RECORDS FOR THIS EXERCISE section start
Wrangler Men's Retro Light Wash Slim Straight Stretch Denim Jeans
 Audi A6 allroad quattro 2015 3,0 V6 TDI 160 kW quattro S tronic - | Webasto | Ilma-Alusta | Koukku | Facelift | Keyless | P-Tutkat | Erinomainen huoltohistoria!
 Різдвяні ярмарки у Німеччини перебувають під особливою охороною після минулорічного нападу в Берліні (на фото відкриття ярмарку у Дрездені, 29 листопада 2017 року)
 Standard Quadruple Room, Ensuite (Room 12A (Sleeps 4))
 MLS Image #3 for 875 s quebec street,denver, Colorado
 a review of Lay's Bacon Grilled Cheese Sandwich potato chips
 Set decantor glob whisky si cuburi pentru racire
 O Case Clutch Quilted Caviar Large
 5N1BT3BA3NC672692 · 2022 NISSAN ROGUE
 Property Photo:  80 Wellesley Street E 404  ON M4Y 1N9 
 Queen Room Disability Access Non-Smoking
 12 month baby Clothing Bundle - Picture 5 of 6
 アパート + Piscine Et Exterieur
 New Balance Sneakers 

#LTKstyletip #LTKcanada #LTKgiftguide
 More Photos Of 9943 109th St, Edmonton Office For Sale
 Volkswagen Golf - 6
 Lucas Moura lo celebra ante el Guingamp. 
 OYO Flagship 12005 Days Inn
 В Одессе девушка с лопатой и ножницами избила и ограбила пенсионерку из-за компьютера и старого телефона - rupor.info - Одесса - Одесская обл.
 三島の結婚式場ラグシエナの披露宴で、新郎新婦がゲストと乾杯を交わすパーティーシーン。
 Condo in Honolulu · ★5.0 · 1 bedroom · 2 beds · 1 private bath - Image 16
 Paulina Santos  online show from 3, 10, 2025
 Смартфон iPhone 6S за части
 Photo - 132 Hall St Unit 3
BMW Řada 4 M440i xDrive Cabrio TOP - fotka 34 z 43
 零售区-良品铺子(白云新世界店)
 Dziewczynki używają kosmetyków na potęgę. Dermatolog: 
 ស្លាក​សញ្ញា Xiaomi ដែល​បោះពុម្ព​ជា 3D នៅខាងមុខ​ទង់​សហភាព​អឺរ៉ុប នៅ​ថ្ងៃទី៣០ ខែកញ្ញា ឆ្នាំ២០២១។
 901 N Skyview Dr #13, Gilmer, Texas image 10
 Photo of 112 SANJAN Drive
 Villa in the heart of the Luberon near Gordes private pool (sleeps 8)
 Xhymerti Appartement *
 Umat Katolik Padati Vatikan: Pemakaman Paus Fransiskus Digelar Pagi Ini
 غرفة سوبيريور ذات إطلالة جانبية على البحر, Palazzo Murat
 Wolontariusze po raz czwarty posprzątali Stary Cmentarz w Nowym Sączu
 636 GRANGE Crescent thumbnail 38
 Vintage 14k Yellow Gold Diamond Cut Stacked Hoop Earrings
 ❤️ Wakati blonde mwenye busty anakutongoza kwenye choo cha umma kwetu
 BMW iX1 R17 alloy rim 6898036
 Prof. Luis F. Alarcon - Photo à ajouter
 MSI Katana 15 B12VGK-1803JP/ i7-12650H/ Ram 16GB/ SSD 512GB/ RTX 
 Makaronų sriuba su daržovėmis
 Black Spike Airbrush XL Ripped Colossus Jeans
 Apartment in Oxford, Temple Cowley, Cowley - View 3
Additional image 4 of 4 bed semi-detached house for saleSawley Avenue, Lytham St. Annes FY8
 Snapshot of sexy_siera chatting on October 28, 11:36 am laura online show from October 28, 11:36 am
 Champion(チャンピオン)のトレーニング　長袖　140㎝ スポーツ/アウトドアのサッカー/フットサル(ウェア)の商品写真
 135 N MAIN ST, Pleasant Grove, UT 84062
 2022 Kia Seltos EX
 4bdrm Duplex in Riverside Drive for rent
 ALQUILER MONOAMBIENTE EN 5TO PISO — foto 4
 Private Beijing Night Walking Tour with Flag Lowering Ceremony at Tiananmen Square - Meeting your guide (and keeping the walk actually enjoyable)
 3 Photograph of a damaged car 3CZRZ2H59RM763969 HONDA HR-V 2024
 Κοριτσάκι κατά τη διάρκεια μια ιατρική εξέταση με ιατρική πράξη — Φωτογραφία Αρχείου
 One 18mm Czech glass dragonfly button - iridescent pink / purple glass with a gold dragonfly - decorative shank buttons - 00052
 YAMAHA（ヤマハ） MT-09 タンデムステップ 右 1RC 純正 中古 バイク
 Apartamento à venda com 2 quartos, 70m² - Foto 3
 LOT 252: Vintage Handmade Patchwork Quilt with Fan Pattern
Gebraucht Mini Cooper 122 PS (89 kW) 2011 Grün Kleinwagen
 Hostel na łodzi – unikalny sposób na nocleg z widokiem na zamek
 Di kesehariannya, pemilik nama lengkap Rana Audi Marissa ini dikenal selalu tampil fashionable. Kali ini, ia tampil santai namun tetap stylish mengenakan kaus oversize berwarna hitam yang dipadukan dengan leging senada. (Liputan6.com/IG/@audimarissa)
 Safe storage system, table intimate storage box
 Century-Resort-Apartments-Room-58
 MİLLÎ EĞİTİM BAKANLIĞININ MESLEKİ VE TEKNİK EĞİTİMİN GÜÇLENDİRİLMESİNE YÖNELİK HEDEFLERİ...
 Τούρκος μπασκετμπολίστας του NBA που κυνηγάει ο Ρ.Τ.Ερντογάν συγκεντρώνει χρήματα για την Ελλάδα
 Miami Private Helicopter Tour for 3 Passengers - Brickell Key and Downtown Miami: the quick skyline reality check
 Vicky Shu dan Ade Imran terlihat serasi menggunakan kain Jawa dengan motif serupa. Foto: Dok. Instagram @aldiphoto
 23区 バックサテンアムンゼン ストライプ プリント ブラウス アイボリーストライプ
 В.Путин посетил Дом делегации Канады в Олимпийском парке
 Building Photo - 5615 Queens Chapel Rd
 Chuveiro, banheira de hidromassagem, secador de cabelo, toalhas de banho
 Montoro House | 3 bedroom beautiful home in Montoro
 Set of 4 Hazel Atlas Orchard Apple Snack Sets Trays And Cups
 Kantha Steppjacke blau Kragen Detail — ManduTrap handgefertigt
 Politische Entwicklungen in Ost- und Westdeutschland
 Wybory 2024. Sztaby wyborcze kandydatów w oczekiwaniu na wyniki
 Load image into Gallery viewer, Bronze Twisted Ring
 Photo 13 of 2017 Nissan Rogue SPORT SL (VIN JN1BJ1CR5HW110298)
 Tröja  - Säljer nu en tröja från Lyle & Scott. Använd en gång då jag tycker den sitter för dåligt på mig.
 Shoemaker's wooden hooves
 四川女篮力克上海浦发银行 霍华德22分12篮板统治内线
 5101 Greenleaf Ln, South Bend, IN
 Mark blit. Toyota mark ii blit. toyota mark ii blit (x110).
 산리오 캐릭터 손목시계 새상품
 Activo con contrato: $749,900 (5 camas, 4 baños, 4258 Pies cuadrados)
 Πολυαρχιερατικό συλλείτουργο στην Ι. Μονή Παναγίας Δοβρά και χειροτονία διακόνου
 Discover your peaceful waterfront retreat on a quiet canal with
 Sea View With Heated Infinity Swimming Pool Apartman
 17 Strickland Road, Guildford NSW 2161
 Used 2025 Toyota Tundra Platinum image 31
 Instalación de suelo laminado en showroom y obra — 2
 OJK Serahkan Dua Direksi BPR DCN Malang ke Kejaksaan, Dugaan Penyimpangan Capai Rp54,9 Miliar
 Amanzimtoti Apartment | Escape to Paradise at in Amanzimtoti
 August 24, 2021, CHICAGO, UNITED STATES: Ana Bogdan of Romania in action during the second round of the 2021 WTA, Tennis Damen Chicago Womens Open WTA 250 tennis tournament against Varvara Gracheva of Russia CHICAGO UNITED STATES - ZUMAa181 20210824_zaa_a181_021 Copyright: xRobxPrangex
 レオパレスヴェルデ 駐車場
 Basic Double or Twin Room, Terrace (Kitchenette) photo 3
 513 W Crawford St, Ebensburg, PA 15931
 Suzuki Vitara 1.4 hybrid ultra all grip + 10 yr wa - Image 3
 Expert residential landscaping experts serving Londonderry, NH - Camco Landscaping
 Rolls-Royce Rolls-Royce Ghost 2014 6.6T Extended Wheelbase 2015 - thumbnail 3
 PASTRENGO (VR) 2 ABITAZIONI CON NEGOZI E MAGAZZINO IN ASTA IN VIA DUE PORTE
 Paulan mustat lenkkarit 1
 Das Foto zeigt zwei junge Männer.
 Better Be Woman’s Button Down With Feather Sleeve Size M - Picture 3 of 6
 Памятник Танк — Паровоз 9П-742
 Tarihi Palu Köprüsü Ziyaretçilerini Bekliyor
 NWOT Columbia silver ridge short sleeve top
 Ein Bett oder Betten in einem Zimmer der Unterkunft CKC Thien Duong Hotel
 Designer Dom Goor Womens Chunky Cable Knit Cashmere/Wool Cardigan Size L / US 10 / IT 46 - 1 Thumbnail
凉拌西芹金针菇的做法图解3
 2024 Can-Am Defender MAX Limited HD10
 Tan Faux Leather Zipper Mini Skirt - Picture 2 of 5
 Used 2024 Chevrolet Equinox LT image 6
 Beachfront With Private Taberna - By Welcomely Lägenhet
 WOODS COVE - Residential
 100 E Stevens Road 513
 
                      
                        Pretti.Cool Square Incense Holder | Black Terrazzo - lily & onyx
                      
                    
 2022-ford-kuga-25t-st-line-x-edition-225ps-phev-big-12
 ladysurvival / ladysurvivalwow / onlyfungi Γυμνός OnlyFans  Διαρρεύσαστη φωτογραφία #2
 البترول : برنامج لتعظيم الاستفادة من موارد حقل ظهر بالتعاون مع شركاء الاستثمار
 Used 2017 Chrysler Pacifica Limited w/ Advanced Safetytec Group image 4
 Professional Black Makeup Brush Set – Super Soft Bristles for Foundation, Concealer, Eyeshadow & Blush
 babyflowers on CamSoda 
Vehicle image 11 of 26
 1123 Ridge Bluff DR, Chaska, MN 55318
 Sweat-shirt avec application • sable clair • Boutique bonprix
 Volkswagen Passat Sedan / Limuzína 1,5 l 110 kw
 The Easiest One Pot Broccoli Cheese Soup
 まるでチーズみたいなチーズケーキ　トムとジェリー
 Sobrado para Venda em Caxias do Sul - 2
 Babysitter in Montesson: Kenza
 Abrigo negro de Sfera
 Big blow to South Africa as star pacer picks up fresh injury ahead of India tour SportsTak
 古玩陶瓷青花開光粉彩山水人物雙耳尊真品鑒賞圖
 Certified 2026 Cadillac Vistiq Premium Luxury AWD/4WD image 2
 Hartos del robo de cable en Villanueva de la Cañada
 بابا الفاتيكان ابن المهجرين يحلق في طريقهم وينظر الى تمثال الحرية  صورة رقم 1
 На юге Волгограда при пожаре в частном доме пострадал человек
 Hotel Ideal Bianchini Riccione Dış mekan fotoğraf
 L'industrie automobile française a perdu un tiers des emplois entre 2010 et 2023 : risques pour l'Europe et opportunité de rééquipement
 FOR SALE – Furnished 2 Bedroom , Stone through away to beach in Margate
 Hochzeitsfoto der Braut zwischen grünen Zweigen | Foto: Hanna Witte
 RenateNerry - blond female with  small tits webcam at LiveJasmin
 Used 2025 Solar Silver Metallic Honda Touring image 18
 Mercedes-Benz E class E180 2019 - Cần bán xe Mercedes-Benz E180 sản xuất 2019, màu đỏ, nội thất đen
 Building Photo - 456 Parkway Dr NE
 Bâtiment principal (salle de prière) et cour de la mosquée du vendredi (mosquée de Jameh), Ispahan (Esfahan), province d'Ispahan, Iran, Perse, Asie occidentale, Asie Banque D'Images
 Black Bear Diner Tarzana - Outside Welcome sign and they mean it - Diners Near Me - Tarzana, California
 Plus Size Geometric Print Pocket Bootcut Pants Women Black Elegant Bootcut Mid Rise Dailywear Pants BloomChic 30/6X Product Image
RECORDS FOR THIS EXERCISE section end
## WHAT NEEDS TO BE DONE
Word for word, restate the lines of the listing above starting at the line with "Big blow to" and ending at the line with "FOR SALE – Furnished", and nothing outside them.

## ANSWER TO THIS EXERCISE
 Big blow to South Africa as star pacer picks up fresh injury ahead of India tour SportsTak
 古玩陶瓷青花開光粉彩山水人物雙耳尊真品鑒賞圖
 Certified 2026 Cadillac Vistiq Premium Luxury AWD/4WD image 2
 Hartos del robo de cable en Villanueva de la Cañada
 بابا الفاتيكان ابن المهجرين يحلق في طريقهم وينظر الى تمثال الحرية  صورة رقم 1
 На юге Волгограда при пожаре в частном доме пострадал человек
 Hotel Ideal Bianchini Riccione Dış mekan fotoğraf
 L'industrie automobile française a perdu un tiers des emplois entre 2010 et 2023 : risques pour l'Europe et opportunité de rééquipement
 FOR SALE – Furnished 2 Bedroom , Stone through away to beach in Margate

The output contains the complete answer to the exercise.